Natomiast dziennik „Die Welt” stwierdza, że „szefowie Deutsche Bank i Commerzbank nie mogą uchylić się od spełnienia życzeń polityków. Zbyt mocno egzystencja regulowanych wielkich banków zależy od przychylności rządu, zwłaszcza, kiedy nie są one gospodarczo w najlepszej kondycji. Ich szefowie naraziliby się zbyt pośpieszną odmową. Dlatego muszą to dokładnie sprawdzić, gdyż decyzja o odmowie fuzji - gdyby miało do tego dojść - musi być wobec Berlina dobrze uzasadniona”.
Zdaniem „Stuttgarter Zeitung” „wątpliwości, co do sensu planów fuzji, są uzasadnione. Połączenie dwóch największych prywatnych banków niemieckich doprowadzi obok zamknięcia oddziałów do obniżenia konkurencji na rynku. Nowy bank-gigant miałby na pewno szanse na wyższe zyski, ale dopiero po latach kosztownych programów odszkodowań i odpraw oraz innych kosztach związanych z restrukturyzacją. Przejęcie ich w okresie, kiedy Deutsche Bank nie uporał się jeszcze z wchłonięciem Postbanku, wydaje się ryzykowne”.
„Jak dotąd jedyną strategiczną zaletą tej fuzji byłaby redukcja kosztów” – uważa dziennik „Koelner Stadt-Anzeiger”. „Gdyby po wieloletnim procesie integracji miało do niej rzeczywiście dojść. Oba duże banki są teraz poganiane i nie mogą się wycofać. Jedynie negatywna reakcja na rynkach finansowych mogłaby doprowadzić do rozsadzenia tej fuzji, ale to niczego by nie poprawiło. Wręcz przeciwnie”.
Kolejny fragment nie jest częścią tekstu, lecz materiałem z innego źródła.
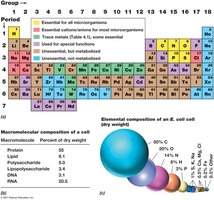 Elemental and macromolecular composition of a bacterial cell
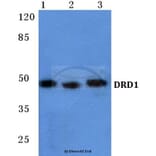 Anti-DRD1 Antibody from Bioworld Technology (BS5692) - Antibodies.com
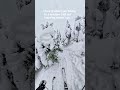 HEAVEN #fypシ゚viral #snowboarding #skiingstunts #fypシ゚viral #skisnowboard #ski #snowsports #skigear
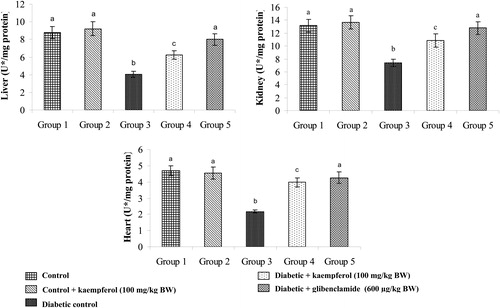 Figure 6. Effect of kaempferol on the activity of SOD in the tissues of STZ-diabetic rats. Values are given as means ± SD from six rats in each group. Values not sharing a common superscript differ significantly at P < 0.05. DMRT. U* = enzyme concentration required for 50% inhibition of NBT reduction/minute.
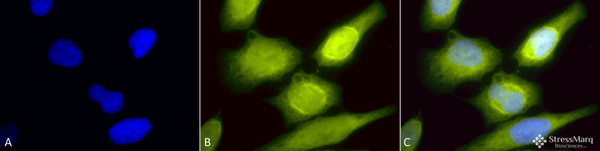 Rabbit Anti-AHA1 Antibody used in Immunocytochemistry/Immunofluorescence (ICC/IF) on Heat Shocked Cervical cancer cell line (HeLa) (SPC-183)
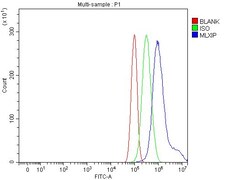 Invitrogen MLXIP Polyclonal Antibody 100 &mu;g; Unconjugated:Antibodies,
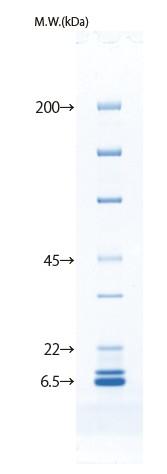d004034_Lineup_5-20_protein.png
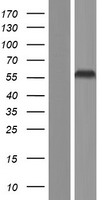 SEPT4 / Septin 4 Protein - Western validation with an anti-DDK antibody * L: Control HEK293 lysate R: Over-expression lysate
Według „Sueddeutsche Zeitung”: „Co do jednej kwestii krytyka jest słuszna. Łączenie banków z pobudek czysto politycznych jest dyletantyzmem. Wymaga to planu ekonomicznego. Ten szefowie Deutsche Banku i Commerzbanku muszą teraz wypracować. Zgadza się też, że fuzje kończą się często fiaskiem. Są jednak w sektorze finansowym także pozytywne przykłady: Bank of Amerika czy francuski bank BNP Paribas. Oba stały się międzynarodowymi championami. Niemcy potrzebują czegoś podobnego. Pod warunkiem, że plan się zgadza. Deutsche Bank i Commerzbank podejmą pierwsze rozmowy i w spokoju powinny wysondować, czy to się może udać”.